The big picture: The food industry in Denver and across Colorado has been battered over the past five years — and it's adding up.
- Rising costs for food, rent and property taxes combined with shrinking profit margins, growing regulatory pressures and budget-conscious diners are all pushing restaurants to the brink, industry experts tell us.
By the numbers: More than 200 restaurants closed statewide in 2024, per the Colorado Sun. Denver alone accounted for 82% of those losses, according to the Colorado Restaurant Association (CRA).
- In the past three years, the city has lost 22% of its restaurants, the Denver Post reports. Some of the most recent closures include longstanding institutions like Fruition, Lao Wang Noodle House and Melita's.
What they're saying: "We're in this kind of perfect storm moment," CRA spokesperson Denise Mickelsen tells us. "It's death by a thousand cuts."

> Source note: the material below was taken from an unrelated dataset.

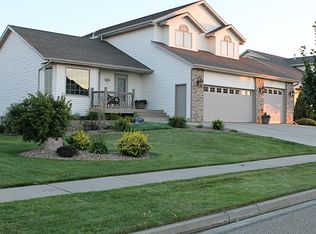 4019 Overland Rd, Bismarck, ND 58503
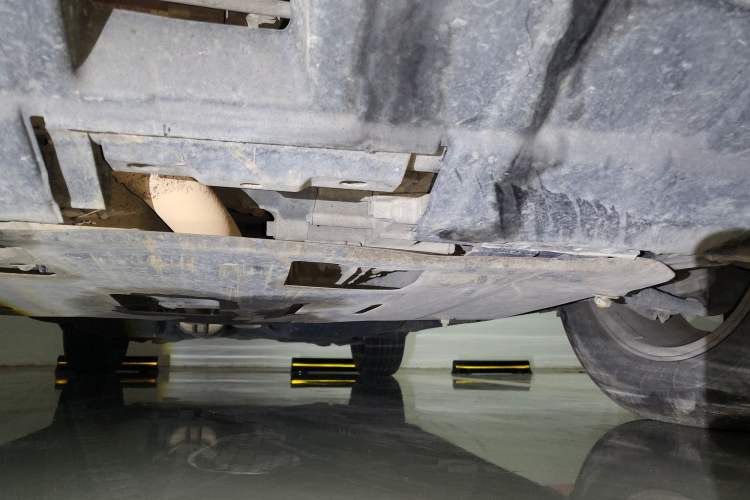 Used Honda CR-V 2010 2.0L automatic two-wheel drive urban version Chassis Front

Zoom in: One major pain point is Denver's increased tipped minimum wage, which is creating ripple effects industrywide. Local restaurant consultant John Imbergamo says it disproportionately affects back-of-house staff and forces price hikes that turn diners off.
- The most recent wage hike on Jan. 1 added an average $82,412 in costs per restaurant, according to a new CRA survey of 135 operators first shared with Axios Denver.
- "That's a huge cost jump," Mickelsen says, especially for businesses already striving to hit slim 3%-5% annual profit margins.
State of play: The CRA is bracing for what it predicts to be a brutal legislative session, with proposed bills on the horizon that could:
- Make it easier for unions to organize by removing a requirement that calls for a second vote to agree on certain union rules.
- Tackle service, or "junk," fees that diners dislike but many restaurants use to pay back-of-house staff.
- Crack down on wage theft, allowing employees to sue even after back pay is issued.
What to watch: The CRA and other industry leaders are pushing their own legislative agenda to offer restaurants relief, including:
- Removing state sales taxes and gratuities from credit card swipe fees.
- Reforming tipped minimum wage laws to raise back-of-house pay.
The bottom line: "We have to do something to help restaurants right now, or we're just going to keep losing them," Mickelsen warns.